老衰、とのこと。これが天寿をまっとうするということかと寂しいけれど納得ができた。
もうずっと私のことを忘れていて、実家に帰る度にきょとんとした顔で私の事を見ていたけれど(そんな所もチャーミングだと思っていた)、大きな病気もなく長生きしてくれました。今年私が実家に帰った時、立ったままばあちゃんと喋っていたら、どうぞどうぞと控えめに椅子に座るよう促してくれたじいちゃんの姿が忘れられません。


そんなじいちゃんの息子の私の父は、数年前に亡くなりました。私達子供には一切そんな事を話すことはありませんでしたが、鬱病だったそうです。じいちゃんも寡黙な人でしたが、父も寡黙で優しくて繊細な人だったな。
そんな2人の血を私も受け継いでいてあまり喋らないタイプな訳ですが。

一緒にお酒を飲むことも、孫の顔を見せることもなくいなくなってしまった。
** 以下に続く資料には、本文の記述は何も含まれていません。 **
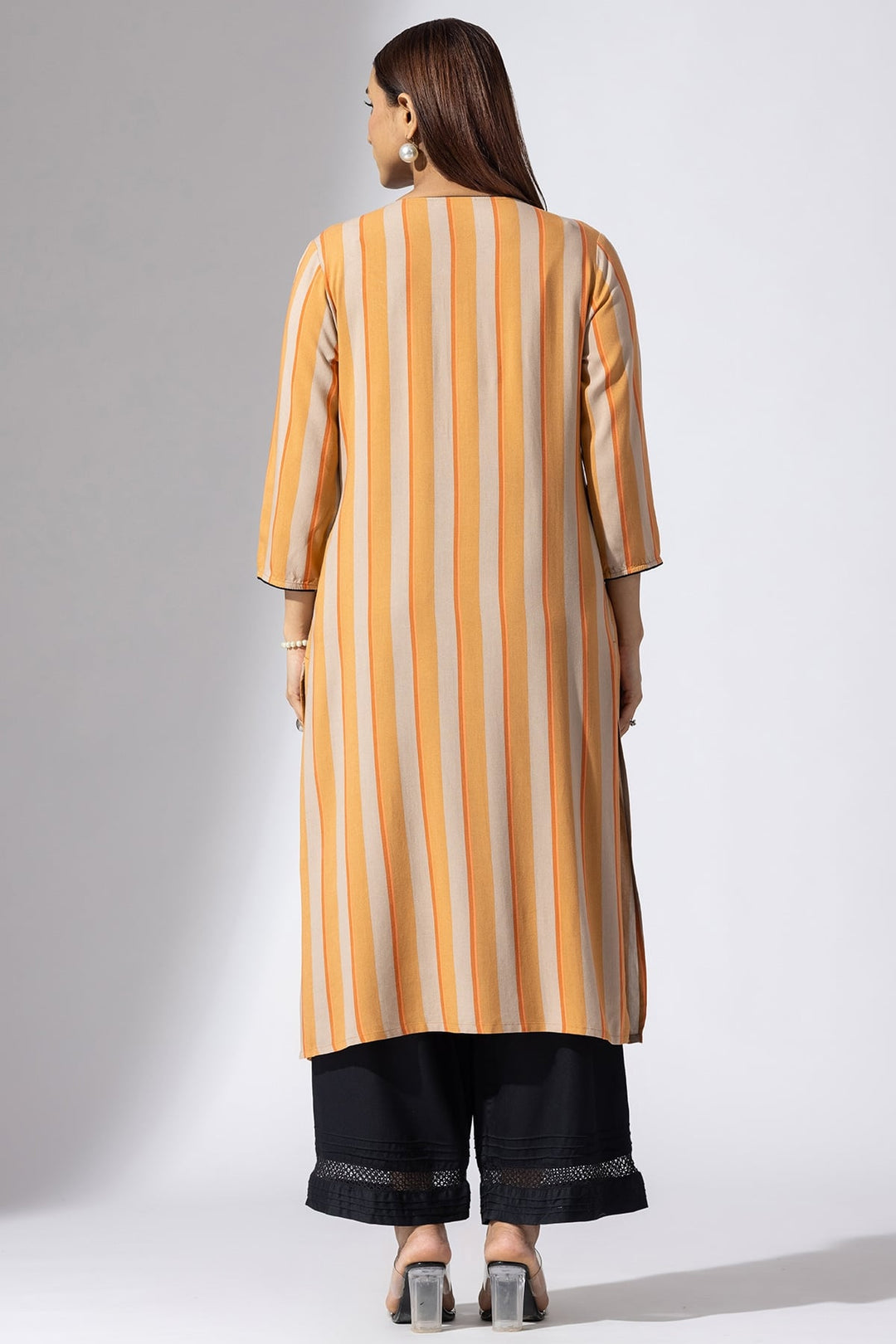 Orange Striped Rayon Kurti with V-Neck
その事が本当に後悔でしかなかった。

生きるって幸せって人生ってなんなんだろう。

父が亡くなった数日後に私は所謂夢枕を見ました。夢の中で私は父が運転する車の後ろに座っていて、私は父に3つ質問をしていたのです。

「お父さんは今、寂しい?」
父はうーん…と難しい顔をしていて、
あまり寂しさはなさそうだった。
「お父さんは今、幸せ?」
これもまたうーん…とした表情で、
幸せかは微妙そうだった。
「後悔はしてない?」
この質問にははっきりと「ごめん」と言われた。父が後悔していないなら、もう受け止めるしかなかった。夢の中だけどそう解釈するしか、心の行き場は無かったからです。
そして、亡くなってしまったら残された側は毎日線香を立てて手を合わせて、忘れないでいることしかできることは無いんです。
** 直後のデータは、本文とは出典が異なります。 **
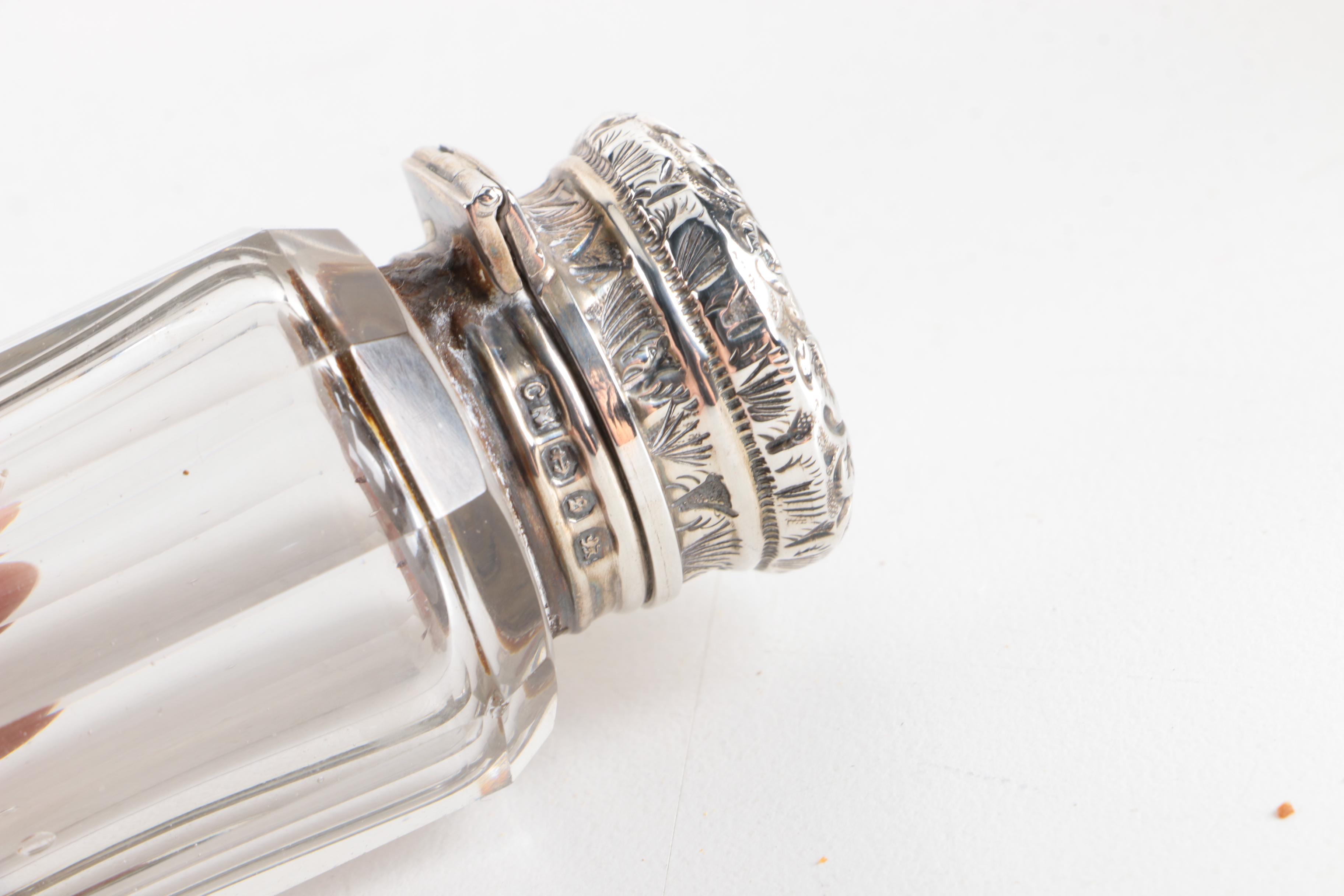 Walker & Hall Glass and Sterling Decanter with Sterling Silver and Glass Barware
このあと弟のところにも行くからと言われてそこで目を覚ましました。起きた瞬間胸がギュッッッと熱く詰まったように苦しくなっていて涙が出てきていました。
弟の夢にも父がでてきていたのかは、つらくなりそうで話していません。



そして今一緒に暮らしている母方のばあちゃんはここ最近で急激に認知症が進み始めており、実家の祖母とは全くタイプが逆のよく喋りよく怒る性格なため、本当にだめだと思っているのについ言い合いをしてしまいます。
とにかく心配性で、私が出かける度に何故か実家にいる母に鬼のように何度も電話をかけて来ていると聞いて、私に自由は無いんだってつい母に言ってしまった。そして母に謝られてしまった。そんな自分に酷く自己嫌悪をした。


社会に出てからそこで揉まれて心身ともに病んでいく人が身近に沢山います。
その社会を越えて老いたら今度は色々なことを忘れていき、そんな自身にきっと苦しみ悩み介護をされそして死んでいく。
その介護職も薄給なのです。そんな世の中で良いのだろうか。

私がただ悲観的になっているだけかもしれないけれど。


ささいな事に対して幸せだと感じられるほどまだ人間ができていない私は、今できることはがむしゃらに、でも健康に気をつけながらできるだけ家族と過ごせる時間は大事にして、じいちゃんのように大往生できるかは分からないけれど、父の分も私なりに生きていく事なのかもしれません。